О, как я поздно понял,
Зачем я существую,
Зачем гоняет сердце
По жилам кровь живую.
И что порой напрасно
Давал страстям улечься!
И что нельзя беречься,
И что нельзя беречься…
Все, что удается раздобыть самойловского, записываем в общую тетрадку. «Второй перевал», других книжек нет, посредством групповых манипуляций умыкаем из институтской библиотеки. С-чка коллекционирует биографические подробности. Кому что.
— Ну какой он из себя? — пытает ее восторженный ростовчанин.
С-чка морщит лоб.
— «Лысый, старенький, в бархатной блузе?»
— Иди ты!..
— Высокий? Толстый?
— Да нормальный!
— А что, оригинально, — не сдается ростовчанин.
Пройдет неделя, и он с такой же неподдельной страстью будет крутиться вокруг Сергея Поделкова.
В одну из холодных январских ночей в общежитие проносят «В круге первом». Рукопись толщиной в полметра. Надо прочесть до утра.

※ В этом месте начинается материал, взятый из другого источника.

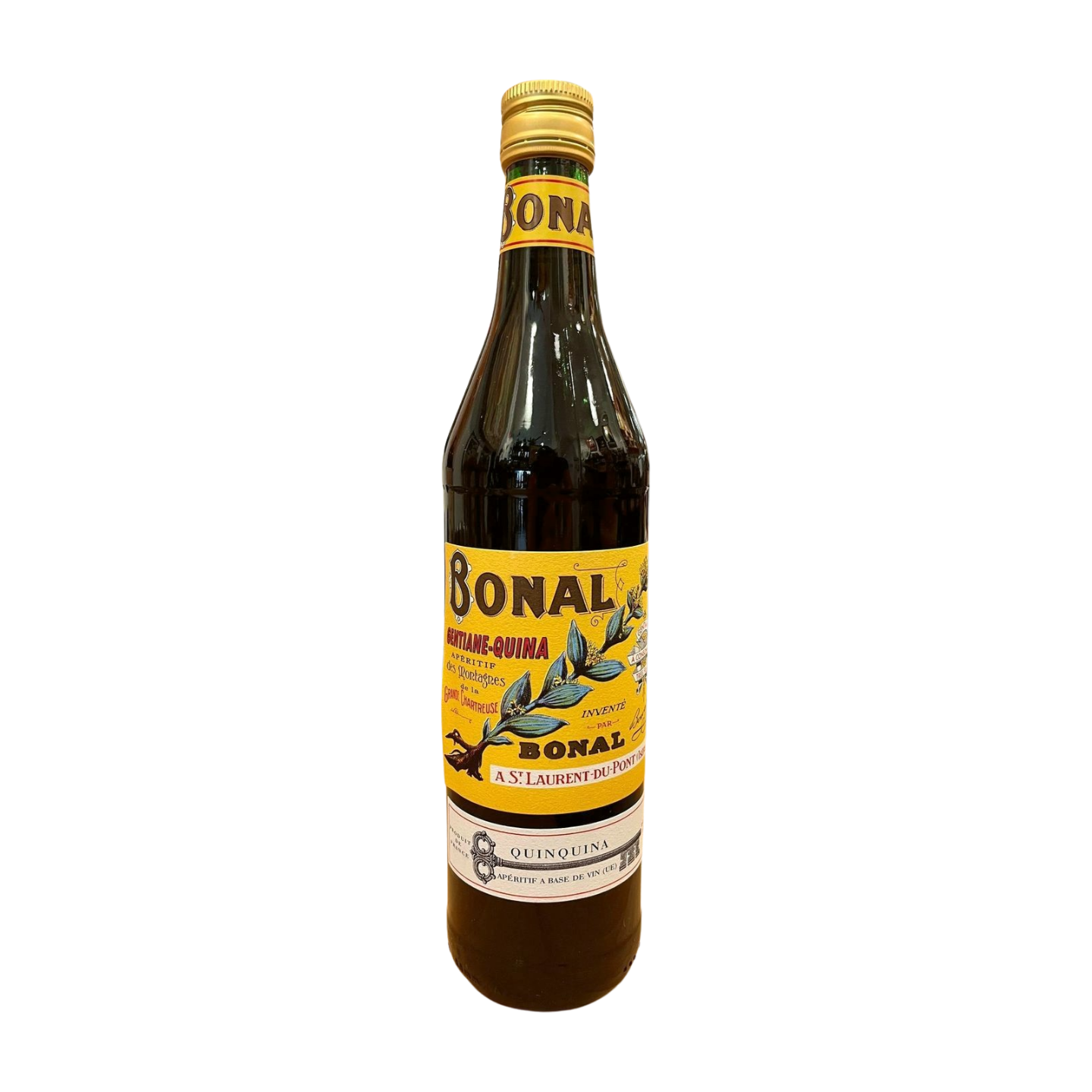 Bonal - Gentiane-Quina Aperitif - 750ml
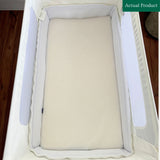 SnüPod4 Bedside Crib, Gently Used / White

Хотят все.
Ждем, пока Циклоп, так прозываем коменданта за его всевидящее око, удалится в свои покои, расположенные в правом крыле. Ощущаем себя заговорщиками «и некуда податься, кроме них» — и словно вступаем в некое тайное братство.

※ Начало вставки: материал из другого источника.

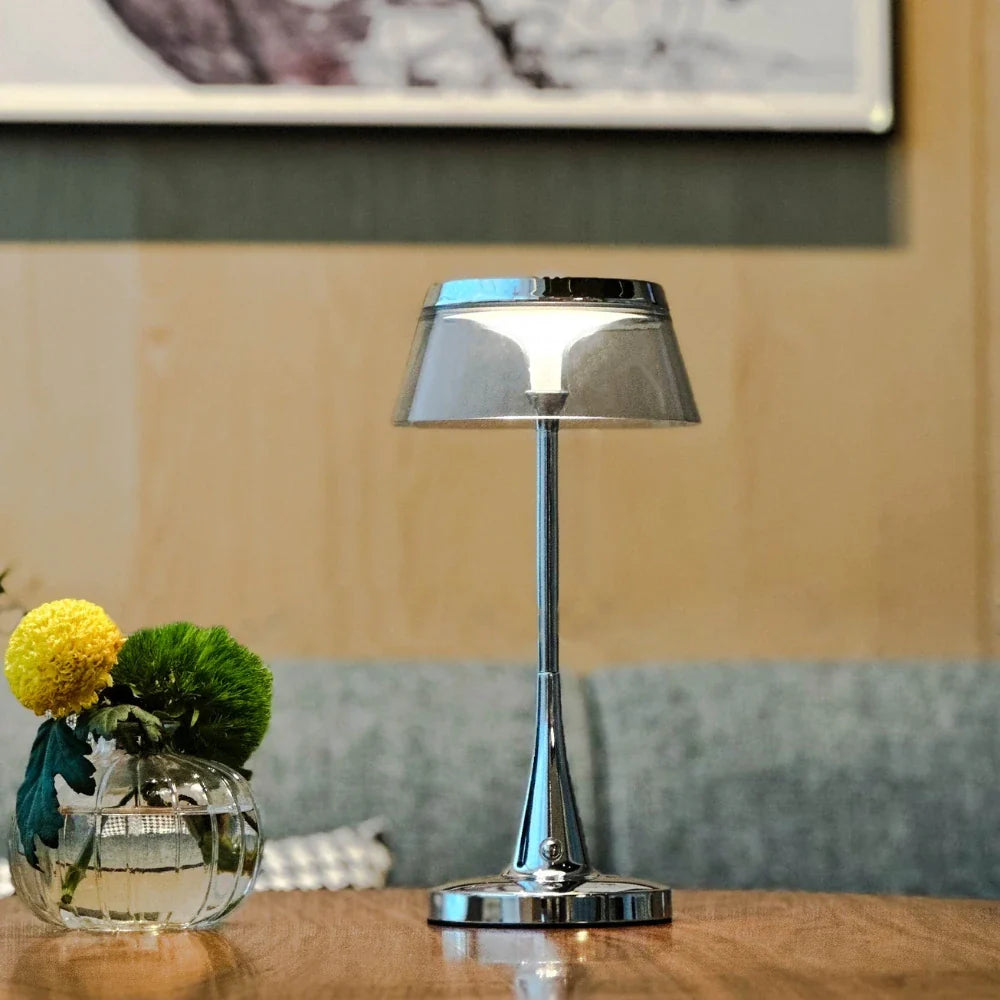 Rechargeable Dimmable & Color-Adjustable Table Lamp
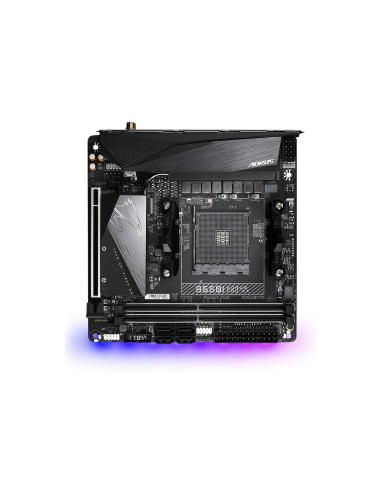 Gigabyte b550i Aorus Pro Placa base socket AM4 AX GAB55IAPW-00-G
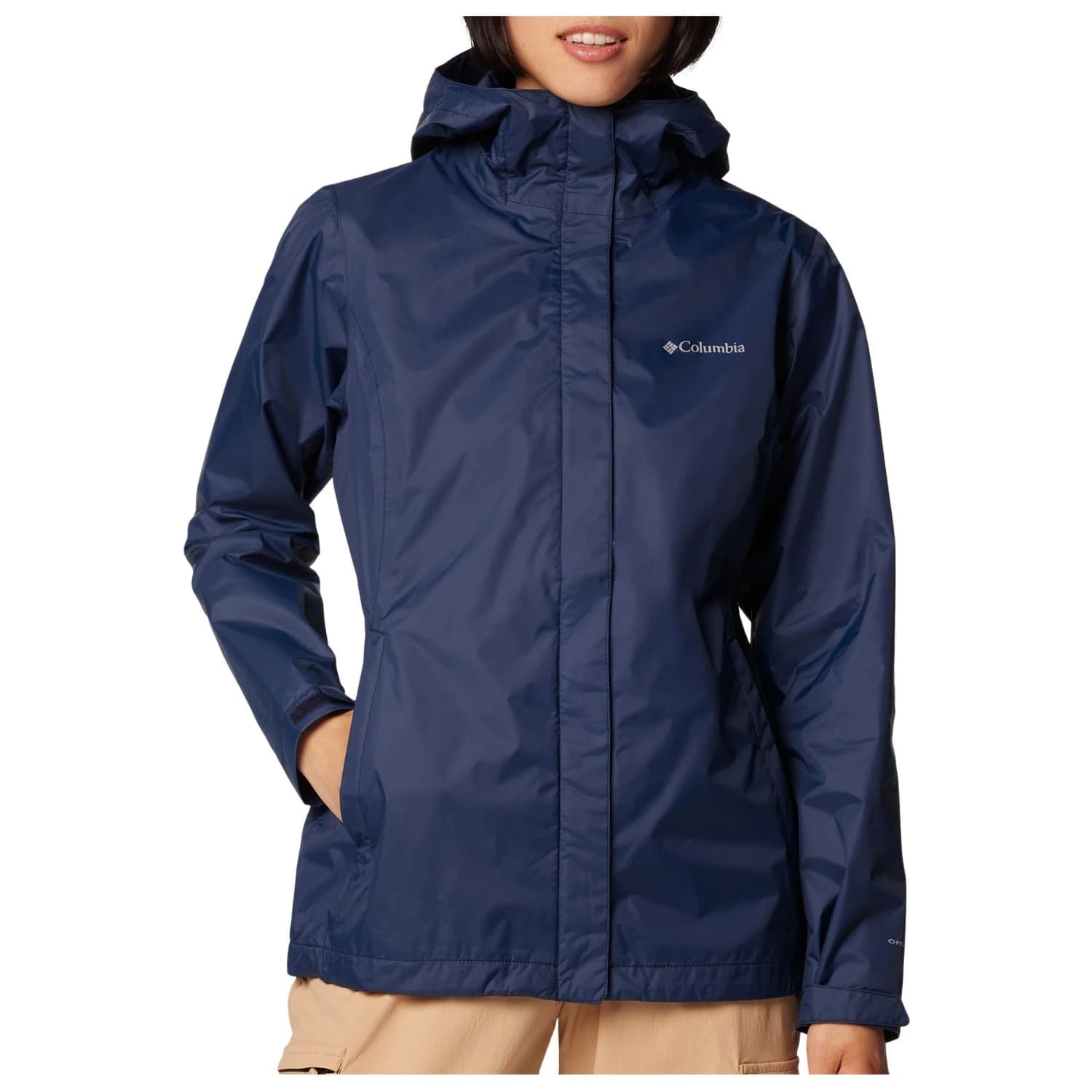 Дамско водоустойчиво яке Columbia Women's Arcadia II Jacket Waterproof jacket - Collegiate Navy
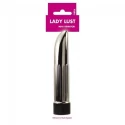 Wibrator-4.5"""""""" Lady Finger ~ Silver (1AA)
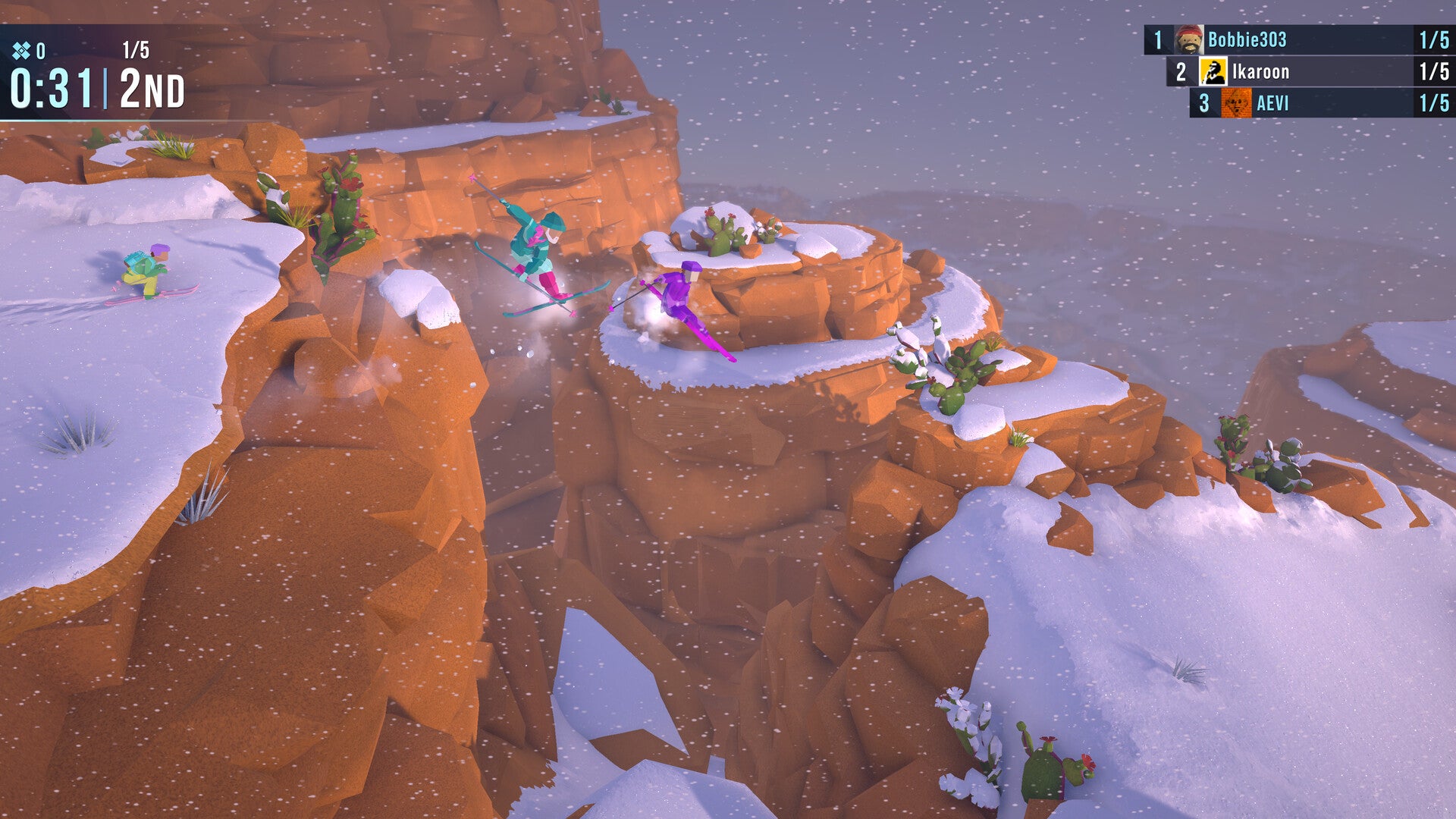 Lonely Mountains: Snow Riders | Eurogamer.de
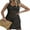 02 Black, variant on Beach Cover Up for Women Sleeveless Tank Swimsuit Cover Up Hollow Out Seethrough Sexy Crochet Cover Up Shermie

К утру еле поспеваем. Засыпаем с трудом, дрожь во всем теле. И жгучее желание что-то сделать, предпринять, существенное, чтобы вырваться из чудовищного круга.
К вечеру встаем разбитые, с горьким вкусом правды во рту. Глотаем обжигающий кофе, говорить не можем.
Мы — это «самойловская троица»: Гена Аламиа[337], поэт из Абхазии, Зураб Налбандян[338], переводчик из Армении, и я, «армавирское чудо», как окрестил меня один московский литератор, наверно потому, что мой чудный город известен ему лишь тем, что там в последний раз видели кота Бегемота.
Именно в этот вечер мы решаем отправиться в Опалиху, где проживает наш опальный поэт. Не правда ли, Россия — родина слонов и символизма? И немцам, и французам, не говоря уже о братской Индии (и Африка нам не нужна), за ней не угнаться.
Собираемся в минуту. Ведь едем не на увеселительную прогулку, а как бы совершаем побег из тюрьмы. А что, и комендант имеется, и железные сетки вдоль окон и лестниц…
У Генки припрятаны на торжественный случай три бутылки молодого домашнего вина, цветов все равно не раздобыть за наши ломаные гроши, поэтому сразу двигаем к Савеловскому вокзалу, где садимся на электричку и вздрагиваем на каждой остановке[339]. То ли от холода, то ли от возбуждения несем чепуху и стучим зубами. Чтобы согреться, начинаем по очереди выпаливать строчки из «Шуберта»: «Шуберт Франц не сочиняет! Запоется — запоет! Он себя не подчиняет! Он себя не продает!»[340]
В нашем исполнении все фразы вызывающе восклицательные, хорошо, что автор не слышит. Попутчики косо поглядывают, разве они понимают, что отчаяние всегда звучит как вызов.
Из последнего вагона вываливаемся прямо в сугроб. Насколько хватает глаз — зимнее идиотическое оцепенение, занесенные снегом лубяные избушки. Идем куда-то, проваливаясь, снегу по колено, мои пенсионерские боты хлюпают, никто из редких прохожих не может толком объяснить, как пройти к Самойлову. Да что они, с ума сошли?!
Наконец дом находится. Старый бревенчатый, за тощей изгородью, похож на остов корабля, потерпевшего кораблекрушение. Дверь открывает молодая женщина с суровым лицом и гладко зачесанными волосами.
Запинаясь, объясняем, кто мы такие и зачем пожаловали. Она хмурит высокий склодовский лоб, но губами уже улыбается и ведет нас сквозь темные сени, где мы натыкаемся на грохочущие ведра и прочую деревенскую утварь и входим в просторную светлую комнату.
Самойлов поднимается нам навстречу. О, таким мы его и представляли! Очень домашний, милый, в суконной коричневой куртке, с чуть опущенными плечами, мягкими жестами и низко-рокочущим говорком. От него исходит ровная сила. Но мы напряжены и двигаемся, как сомнамбулы. Генка, совсем потерявшись, вытаскивает свои бутыли и извиняется на восточный манер; Зураб, булатовский племянник, искушенный в светских знакомствах, что-то воодушевленно объясняет; себя я не помню.